El padre Samuel Fritz fue el único mortal que durante 3 meses se la pasó echado en una especie de barbacoa elevada. El mal que padecía y el desconocimiento de la gravedad de la inundación que se venía  le hicieron elegir esa salida. Nadie más hizo eso en ese entonces. Los demás, ante del desborde de las aguas, o bien se atrincheraron en sus viviendas o bien se refugiaron en las tierras altas. Es decir, dejaron sus lugares habituales para evitar los inconvenientes que se venían. Siglos después, los moradores de Puerto Salaverry parecen imitar al jesuita que no tuvo tiempo de encontrar un lugar adecuado para pasar la inundación. Pero Fritz era un forastero que tenía derecho a equivocarse. Los habitantes de sus propios techos  de ahora son de estas tierras. Y no pueden por ningún motivo salvarse de esa manera de una inundación.

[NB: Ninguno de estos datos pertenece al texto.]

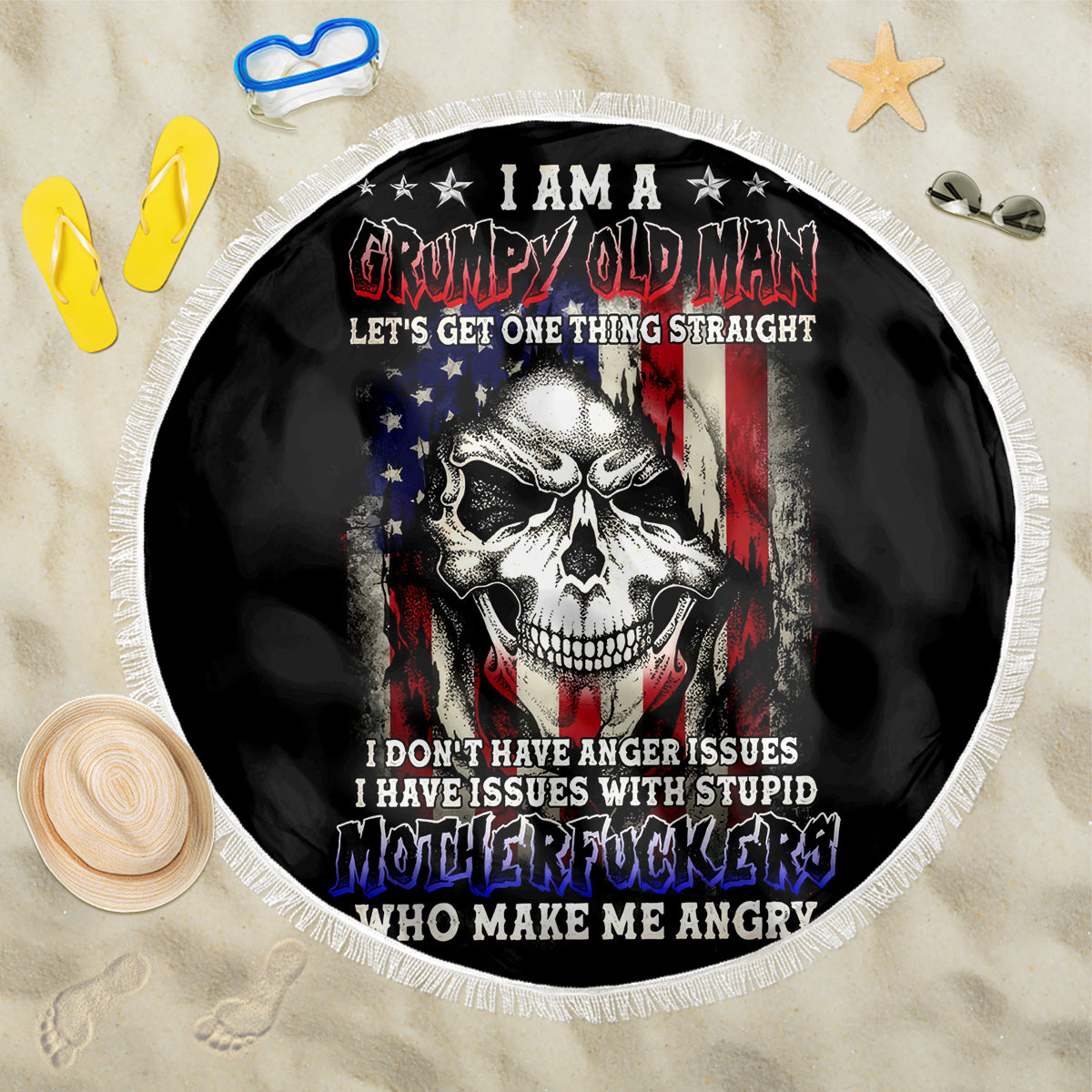 American Skull Beach Blanket Grumpy Old Man Motherfuckers Who Make Me Angry - Wonder Print Shop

La terrible imagen de habitantes refugiándose en sus techos para escapar de la creciente quedará en las memorias como el instante del fin de todo un asistencialismo efímero que nunca quiso tomar al toro por las astas. Ese asistencialismo que es un gasto sin retorno y  consiste en el puente, la carpa y algunas atenciones a los damnificados, ya fue. Cada año se repite como un círculo  vicioso y sin salida. No estaba condenado a durar como una estrategia eficaz. Y hacia agua desde hacía  tiempo y en este 2015 encontró su crisis en los moradores que se vieron precisados a usar sus propios techos para no sucumbir ante la creciente.